% language=us

\startcomponent about-calls

\environment about-environment

\logo[CRITED]{CritEd}

\startchapter[title={\LUATEX\ 0.79}]

% Hans Hagen, PRAGMA ADE, April 2014

\startsection[title=Introduction]

To some it might look as if not much has been done in \LUATEX\ development but
this is not true. First of all, the 2013 versions (0.75-0.77) are quite stable
and can be used for production so there is not much buzz about new things.
\CONTEXT\ users normally won't even notice changes because most is encapsulated
in functionality that itself won't change. The binaries on the \type
{contextgarden.net} are always the latest so an update results in binaries that
are in sync with the \LUA\ and \TEX\ code. Okay, behaviour might become better
but that could also be the side effect of better coding. Of course some more
fundamental changes can result in temporary bugs but those are normally easy to
solve.

Here I will only mention the most important work done. I'll leave out the
technical details as they can be found in the manual and in articles that were
written during development. The version discussed is 0.79.

\stopsection

\startsection[title=Speed]

One of the things we spent a lot of time on is speed. This is of course of more
importance for a system like \CONTEXT\ that can spend more than half its time in
\LUA, but eventually we all benefit from it. For the average user it doesn't
matter much if a run takes a few seconds but in automated workflows these
accumulate and if a process has to produce 5 documents of 20 pages (each
demanding a few runs) or a few documents of several hundreds of pages, it might
make a difference. In the \CRITED\ project we aim for complex documents produced
from \XML\ at a rate of 20 pages per second, at least for stock \LUATEX.
\footnote {This might look slow but a lot is happening there. A simple 100 page
document with one word per page processes at more that 500 pages per second but
this is hard to match with more realistic documents. When processing data from
bases using the \CLD\ interface getting 50 pages per seconds is no problem.} In
an edit|-|preview cycle it feels better if we don't use more than half a second
for a couple of pages: loading the \TEX\ format, initializing the \LUA\ modules,
loading fonts, typesetting and producing a proper \PDF\ file. We also want to be
prepared for the ultra portable computers where multiple cores compensate the
lower frequency, which harms \TEX\ as sequential processor using one core only.

An important aspect of speedup is that it must not obscure the code. This is why
the easiest way to achieve it is to use a faster variant of \LUA, and \LUAJIT\
with its faster virtual machine, is a solution for that. We are aware of the
fact that processors not necessarily become faster, but that on the other hand
memory becomes larger. Disk speed also got better with the arrival of
flash based storage. Because \LUATEX\ should run smoothly on future portable
devices, the more we can gain now, the better it gets in the future. A decent
basic performance is possible and we don't have to focus too much on memory and
disk access and mostly need to keep an eye on basic \CPU\ cycles. Although we
have some ideas about improving performance, tests demonstrate that \LUATEX\
is not doing that bad and we don't have to change it's internals. In fact, if we
do it might as well result in a drastic slowdown!

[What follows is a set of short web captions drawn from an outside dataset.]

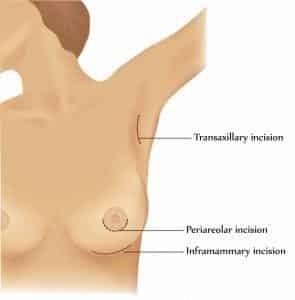 diagram of breast implant scar vs breast augmentation scar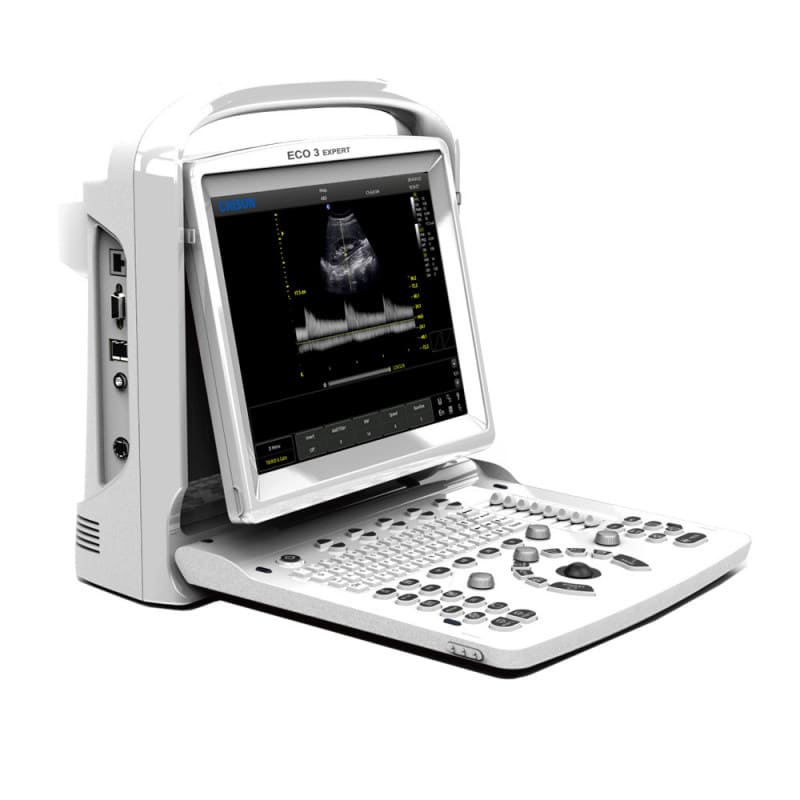 CHISON ECO3 Expert Ultraschallgerät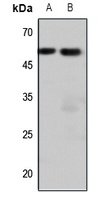 Endothelin 1 antibody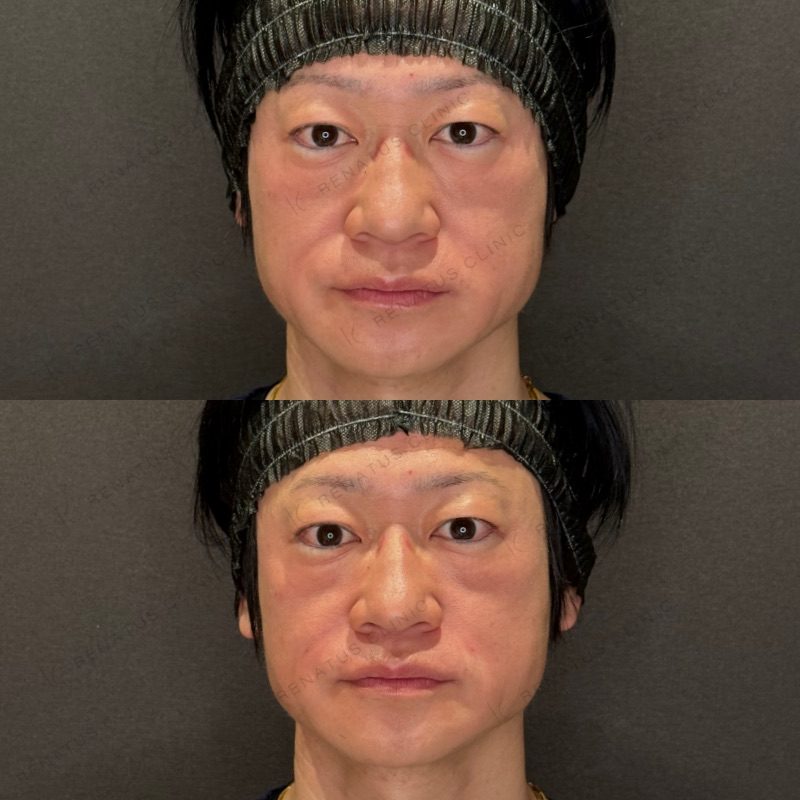 ほうれい線ヒアルロン酸の症例（ボリフト・40代男性）。注入前と注入後の比較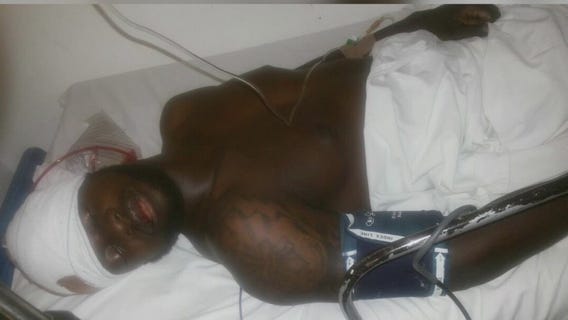 Former tennis star overcomes traumatic brain injury after told he wouldn't walk, talk again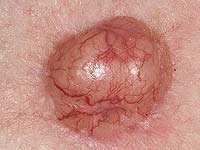 Jak vypadá rakovina kůže bazálních buněk?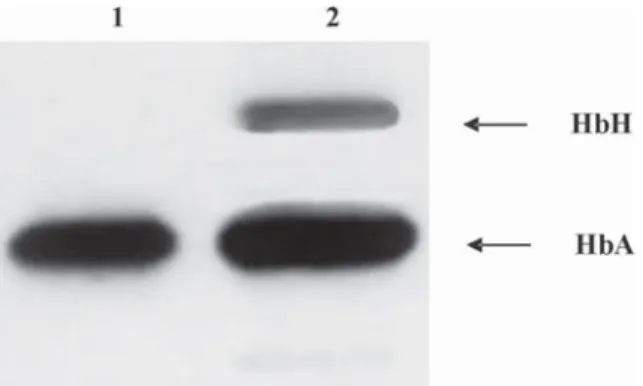Figura 4. Ethidium bromide-stained 2% agarose gel showing polymerase chain reaction products of haemoglobin H disease patient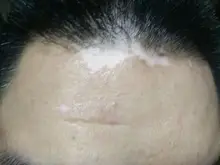 Dispositivos de fototerapia para Psoriasis en casa, lámpara de mano de banda estrecha para Vitiligo Eczema UVB 311NM, luz ultravioleta de Vitiligo de banda estrecha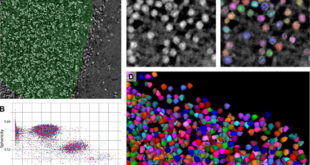 Neuronal Structural Alterations in Multiple Sclerosis - Medicine Innovates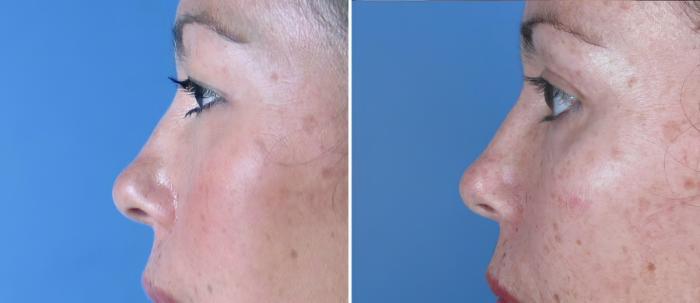 Before & After Eyelid Lift Case 18766 View #2 View in Alpharetta, GA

One interesting performance factor is console output. Because \TEX\ outputs
immediately with hardly any buffering, it depends a lot on the speed of console
output. This itself depends on what console is used. \UNIX\ consoles normally
have some buffering and refresh delay built in. There the speed depends on what
fonts are used and to what extend the output gets interpreted (escape sequences
are an example). I've run into cases where a run took seconds more because of a
bad choice of fonts. On \WINDOWS\ it's more complicated since there the standard
console (like \TEX) is unbuffered. The good news is that there are several
alternatives that perform quite well, like console2 and conemu. These
alternatives buffer output and have refresh delays. But still, on a very high res
screen, with a large console window logging has impact. Interesting is that when
I run from the editor (SciTE) output is pretty fast, so normally I never notice
much of a slowdown. Of course these kind of performance issues can hit you more
when you work in a remote terminal.

The reason why I mention this is that in order to provide a user feedback about
issues, there has to be some logging and depending on the kind of use, more or
less is needed. This means that on the \CONTEXT\ mailing list we sometimes get
complaints about the amount of logging. It is for this reason that much logging is
optional and all logging can be disabled as well. Because we go through \LUA\
we have some control over efficiency too. In the current \LUATEX\ release most
logging can now be intercepted, including error messages.

Talking of a slowdown, in the \CRITED\ project we have to deal with real large
indices (tens of thousands of entries) and we found out that in the case of
interactive variants (register entry to text and back) the use of \LUAJITTEX\
could bring down a run to a grinding halt. In the end, after much testing we
figured out that a suboptimal string hashing function was the culprit and we did
extensive tests with both the \LUAJIT, \LUA\ 5.1 and \LUA\ 5.2 variant. We ended
up by replacing the \LUAJIT\ hash function by the the \LUA\ 5.1 one which is a
relative easy operation. Because \LUAJIT\ can address less memory than regular
\LUA\ it will always be a matter of testing if \LUAJITTEX\ can be used instead of
\LUATEX. Standard document processing (reports and such) is normally no problem
but processing large amounts of data from databases can be an issue.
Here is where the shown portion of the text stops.